**WORK ITEM**
Please return only the lines from the one with "Foto del edificio - 622 W 9th St" through the final line of the data, unchanged, with pictures omitted.

**Short descriptive text snippets**
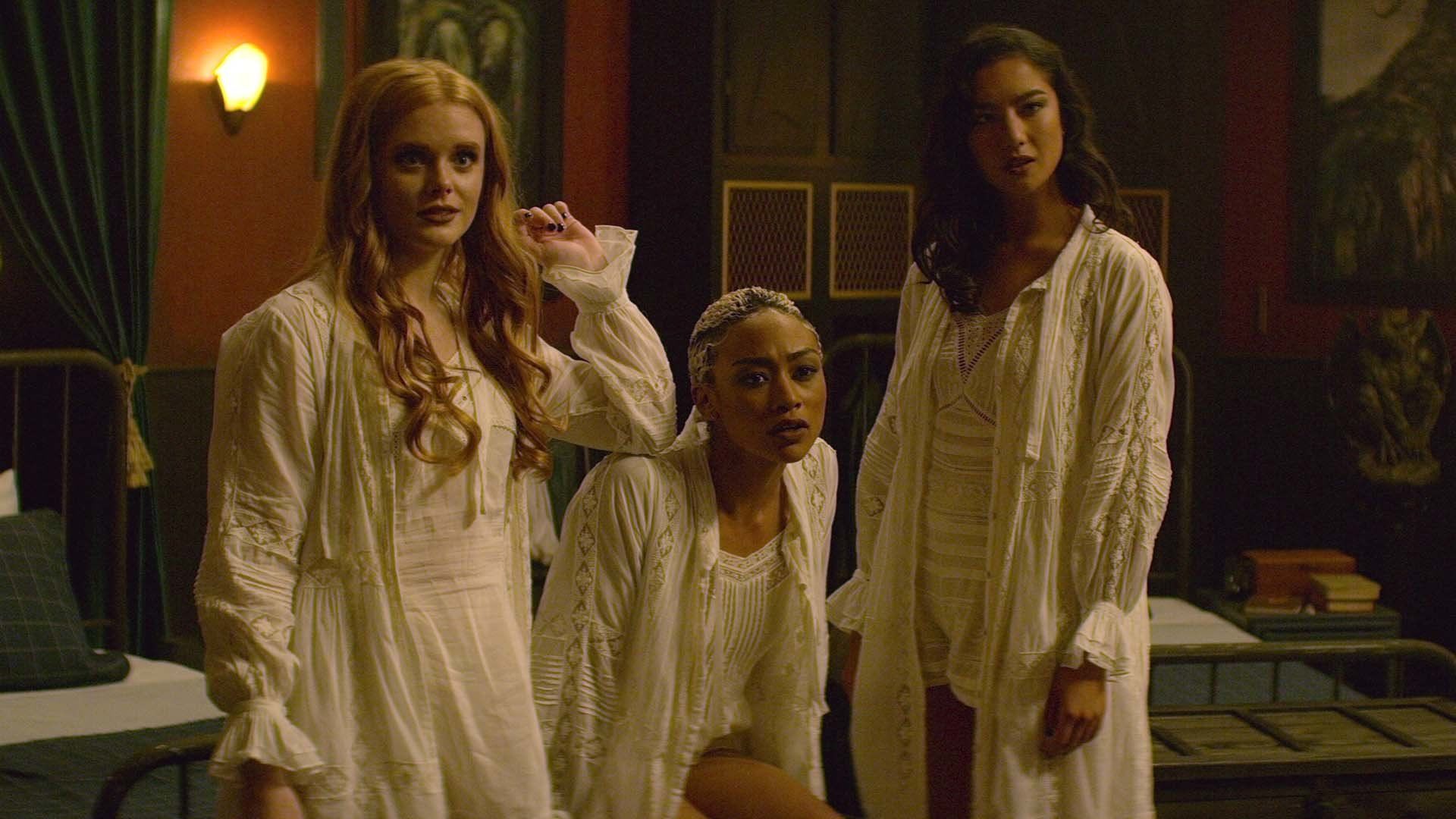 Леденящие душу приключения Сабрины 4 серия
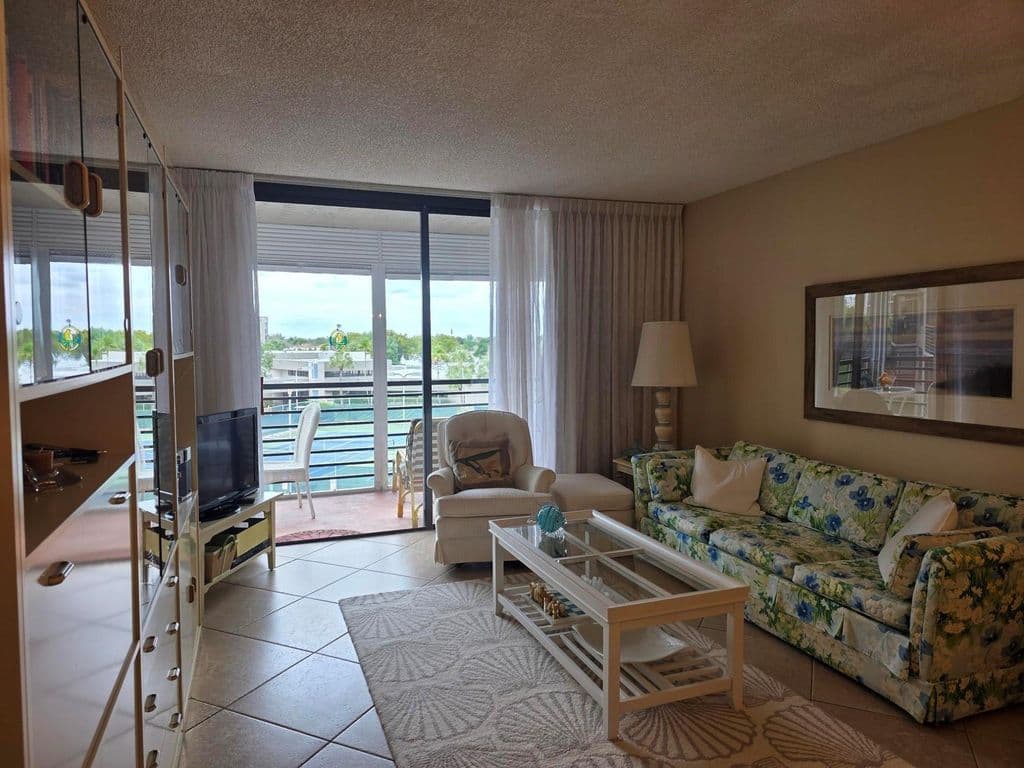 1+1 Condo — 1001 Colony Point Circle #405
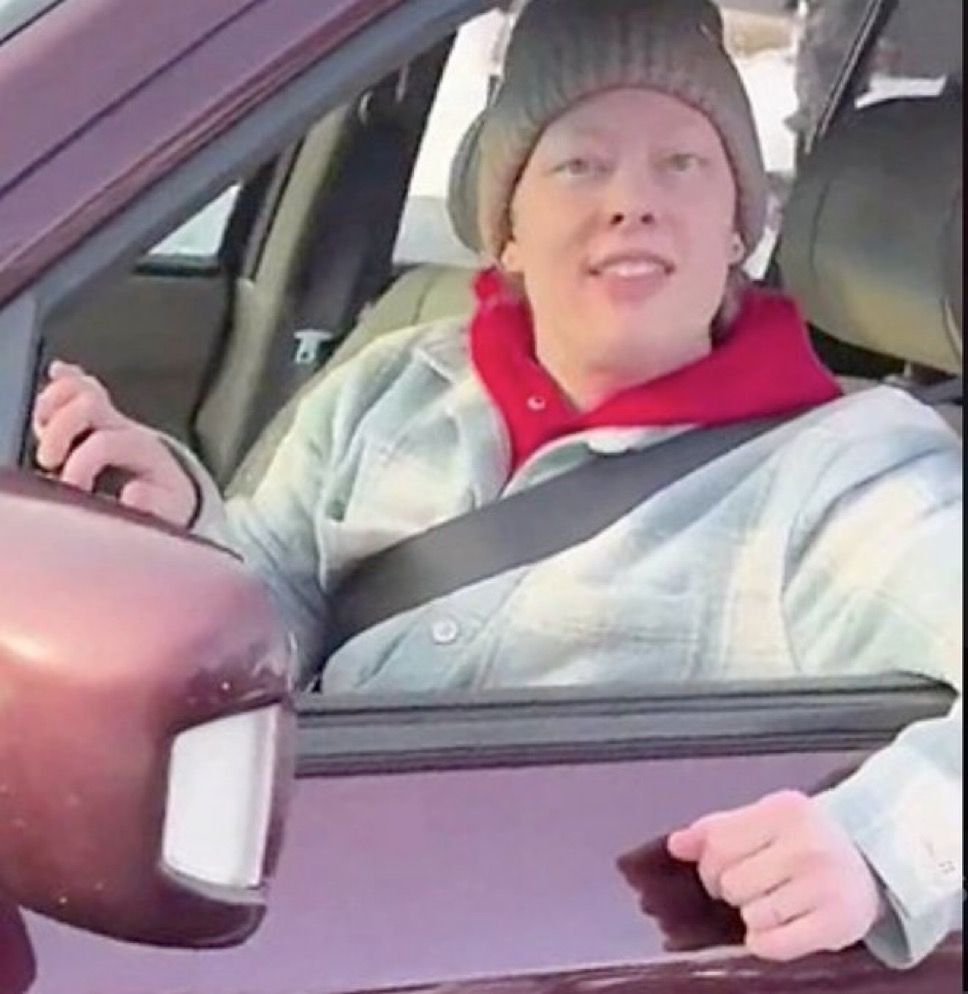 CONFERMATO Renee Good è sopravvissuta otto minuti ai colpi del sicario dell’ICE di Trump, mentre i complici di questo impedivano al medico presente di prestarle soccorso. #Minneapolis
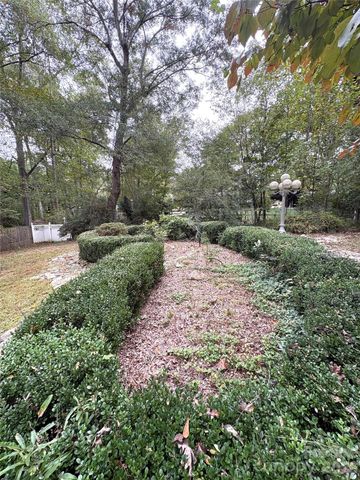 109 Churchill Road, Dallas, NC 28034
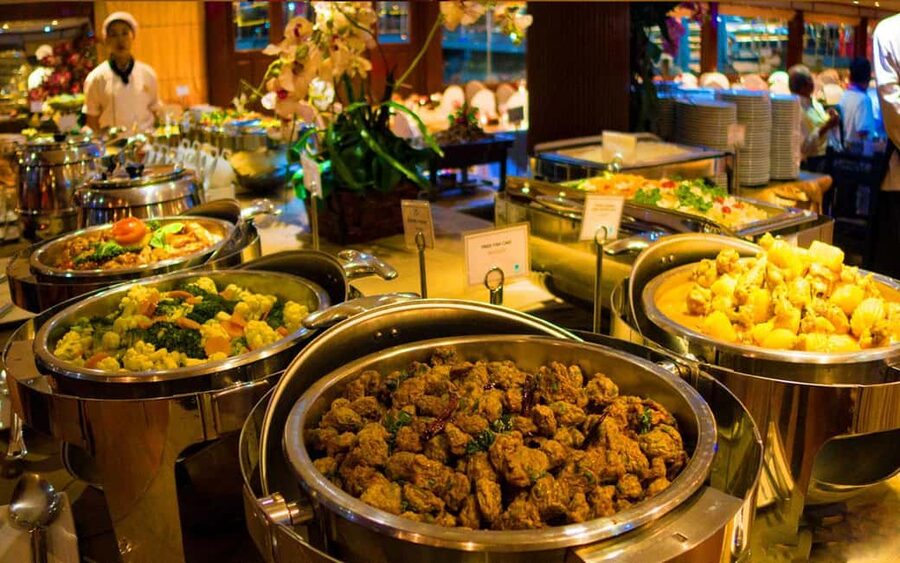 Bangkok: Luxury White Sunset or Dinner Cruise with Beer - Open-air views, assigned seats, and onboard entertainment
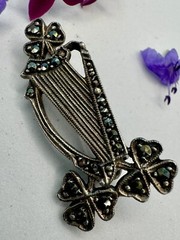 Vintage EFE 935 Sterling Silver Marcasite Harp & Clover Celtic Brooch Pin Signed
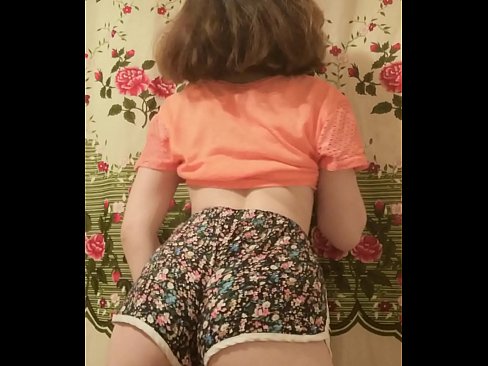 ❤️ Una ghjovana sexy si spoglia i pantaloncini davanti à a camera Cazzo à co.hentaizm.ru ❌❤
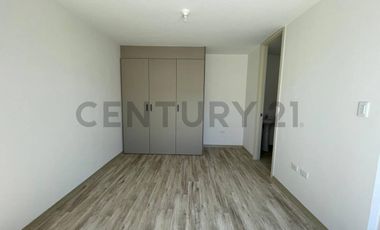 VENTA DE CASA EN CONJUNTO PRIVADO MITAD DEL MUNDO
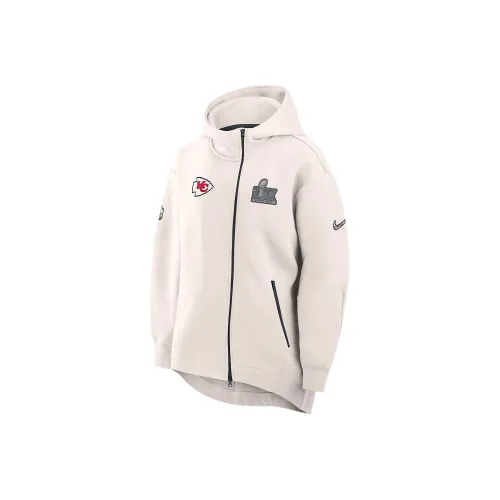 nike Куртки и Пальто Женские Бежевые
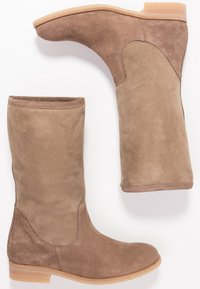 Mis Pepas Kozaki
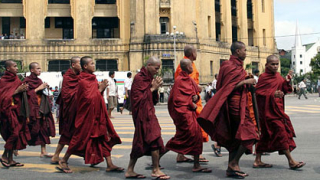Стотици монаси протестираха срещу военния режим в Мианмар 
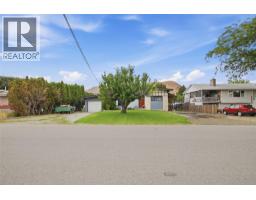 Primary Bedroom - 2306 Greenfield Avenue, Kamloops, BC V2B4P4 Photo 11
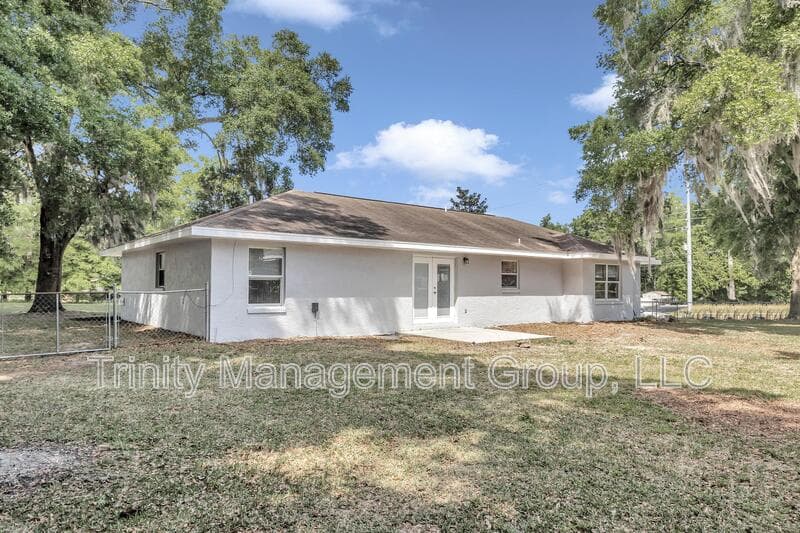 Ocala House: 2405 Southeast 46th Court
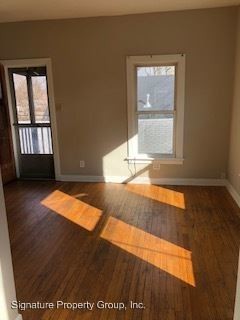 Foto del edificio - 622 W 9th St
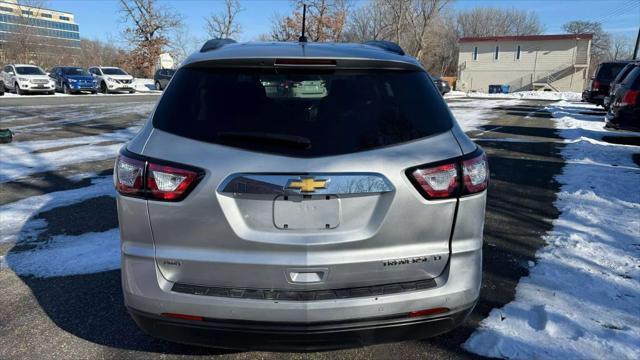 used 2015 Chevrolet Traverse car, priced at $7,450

**WORKED SOLUTION**
 Foto del edificio - 622 W 9th St
 used 2015 Chevrolet Traverse car, priced at $7,450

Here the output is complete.